Case study research methodology was used as the paper presents an exploratory look at implications of reverse online auctions. Yin(1994, p. 35) emphasises the importance of asking “what” when analysing information systems. Yin goes further and emphasises the need to study contempory phenomena within real life contexts. Walsham (2000, p.204) supports case study methodology and sees a need for a move away from traditional information systems research methods such as survey toward more interpretative case studies, ethnographies and action research projects. Several works have used case studies (Chan, 2001; Lee, 1989; Benbasat et al., 1987) in presenting information systems case-study research. Cavaye (1995) used case study research to analyse inter-organisational systems and the complexity of information systems. The data collection process included examination of existing documentation, content analysis of email, interview of actors and direct observations. The auction event was analysed from the supplier organisation viewpoint with particular emphasis on the participants and outcomes of the event. In April 2001 AusBuyer commissioned Auction.Com to make a market for the logistics component of their manufacturing activities. The market was broken down into 19 channels both state and nationally based. AusSupplier received notification that a contract that it had partially carried out for three years was to be auctioned on the Internet. AusSupplier started a six-month exploration into online auctions and B2B procurement. Considerable time and financial resources were expended in firstly learning and then secondly participating in the reverse online auction. The three participants in the auction event were AusSupplier, Auction.Com and AusBuyer.
AusSupplier is a micro-business with 2 full time and 5 part time consultants. It is an “infomediary” or in older language a “middleman”. AusSupplier turns over $AUD 10 million and has a small client base. The role of the “infomediary” is to win a contract for packing and exporting commodities into the Asian marketplace. AusSupplier wins a contract from a large manufacturer and then negotiates transport and shipping rates. The commodity that was to be auctioned was worth about $AUD1.6 million/year and AusSupplier was responsible for about 20% of the contract. A major transport company was responsible for the other 80%. Auction.Com is a multi-national market leading e-Commerce company specialising in e-Procurement and auctions. They have about 1000 employees worldwide and operate with about 140 large multi-national clients. They have conducted about $US21 billion in auctions resulting in savings of about $US 6 billion. It is obvious when looking at Auction.Com and AusSupplier the difference in size, technology and more importantly the chasm in understanding e-Business. The Australian manufacturer (AusBuyer) was the Australian arm of a global organisation based in US. The global organisation was undergoing financial strain due to the poor commodities market worldwide. In order to reduce costs AusBuyer turned to Auction.Com to conduct an auction event. Once again we see a major difference between the globally based Auction.Com and AusBuyer and the micro-business AusSupplier. The auction event was an Australia wide procurement exercise focussing on logistics & transport. The entire procurement operation of AusBuyer was placed in 19 lots with each lot undergoing a 1.5 hour auction. For AusSupplier the auction event went through 5 stages; market-made(client), pre-qualification(supplier), pre-auction planning(supplier), auction-strategy(supplier) and post-auction(client).

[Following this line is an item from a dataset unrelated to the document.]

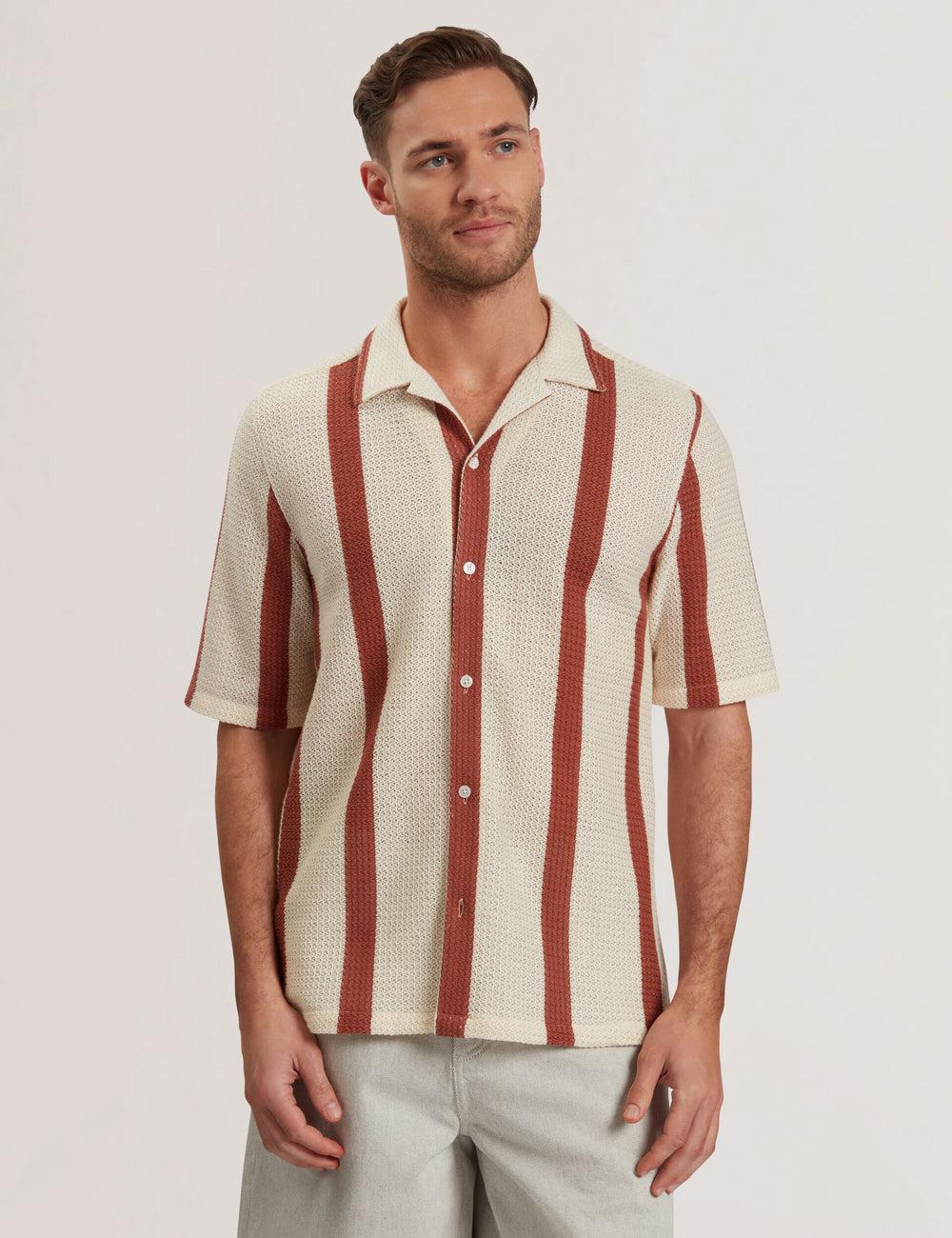 Men Ted Baker NIKS - Short Sleeve Stripe Crochet Oversized Casual Shirts Taupe | Egypt  YGPHR-7186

Shortly after the initial notification AusSupplier undertook research into
the reverse auction process, then received a CD containing Web based bidding
software and documentation from the manufacturer. This documentation consisted
of over 50 files including tender documents, quote spreadsheets, specifications
and information. It was updated 4 times before the final auction. Initially the
deluge of information was overwhelming.
“I have spent hours retrieving, printing, reading and just trying to make sense of the process.” Managing Director, May 2001.

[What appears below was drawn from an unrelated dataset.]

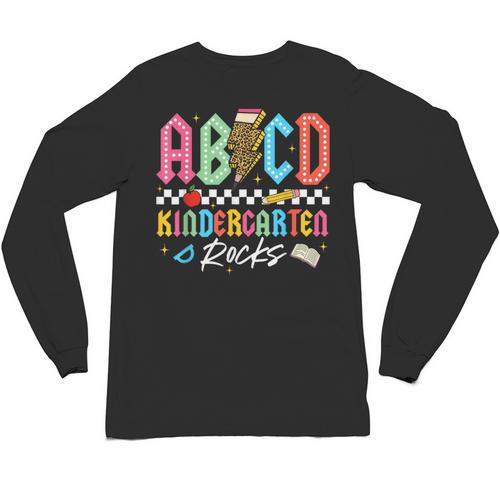 ABCD Kindergarten Rocks Pencil Lightning Teachers Rock Boys Unisex Long Sleeve T-Shirt - teacherstshirts.com UK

This is the stage where Auction.Com and AusBuyer weed out non-performing suppliers but try to ensure an adequate number of bidders to create the auction dynamic. AusSupplier had no idea how many other companies had pre-qualified, it only learnt of the number at the auction event. Pre-qualification also introduces some financial parameters for the event. Auction.Com set the switching cost at $AUD1.3million, that is, the price when AusBuyer would consider awarding the contract away from the existing supplier. Market research by AusSupplier showed the existing contract was worth $AUD1.6million. The difference between the switching and existing contract price was about 18%. This figure is very important as much of the advertising material by Auction.Com quotes savings of 18%. AusSupplier again expended considerable resources at this stage; two site visits, 4 sub-contractor meetings, 200 phone calls, 45 emails out, 15 emails in, 30 hours of managing director time and 20 hours of consultants time. The bill for participating in the reverse auction was climbing. Summarising the financial details thus far:
“We are flying in the dark, some cowboy could underbid us and have no real idea of what is involved in the job….” Managing Director, June 2001.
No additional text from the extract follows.